Science needs time to read, and time to fail. Science does not always know what it might be at right now. Science develops unsteadily, with jerky moves and unpredictable leaps forward—at the same time, however, it creeps about on a very slow time scale, for which there must be room and to which justice must be done.
The Manifesto concludes: “We cannot continuously tell you what our science means; what it will be good for; because we simply don’t know yet. Science needs time.” This statement corresponds neatly to a sentence from a chapter (titled, not incidentally, “Slow Science”) in Stewart Brand’s book The Clock of the Long Now: “Rigorously collected old data keeps finding new uses.” Brand proposes that the Long Now Library could help facilitate the kinds of long-term projects that produce large useful data sets by helping scientists overcome the obstacles that stand in the way of such endeavors. Perhaps the authors of The Slow Science Manifesto would agree with his analysis:
…in light of their great accumulative value, why are long-term scientific studies so rare? Well, (1) they’re not about proving or disproving hypotheses, the coin of the scientific realm; (2) they don’t generate quick papers, the coin of a scientific career; (3) they bear no relation to scientific fashion, where the excitement is; (4) they’re not subject to money-making patent or copyright; (5) the few that exist usually die when their primary researcher dies; (6) they’re extremely difficult to maintain funding for; and (7) ever growing archives are an expensive hassle to service and keep accessible.
The Long Now Foundation has, in fact, already had the opportunity to support a long-term scientific project.
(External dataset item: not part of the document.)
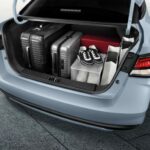 Nissan Almera facelift thailand 06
In 02008 the Nevada System of Higher Education received funding from the National Science Foundation to study climate change in the Great Basin. As part of the study they needed to install permanent climate monitoring stations over a wide range of elevation levels and ecosystem types, and the Long Now Foundation’s property in Nevada provided some key locations for constructing stations. If the project overcomes the challenges and pressures that drove a group of frustrated scientists to publish their Slow Science Manifesto, it will one day become a valuable bank of ‘rigorously collected old data,’ and future scientists will continue to use and reuse it for purposes that, quite frankly, we’ve never even dreamed of.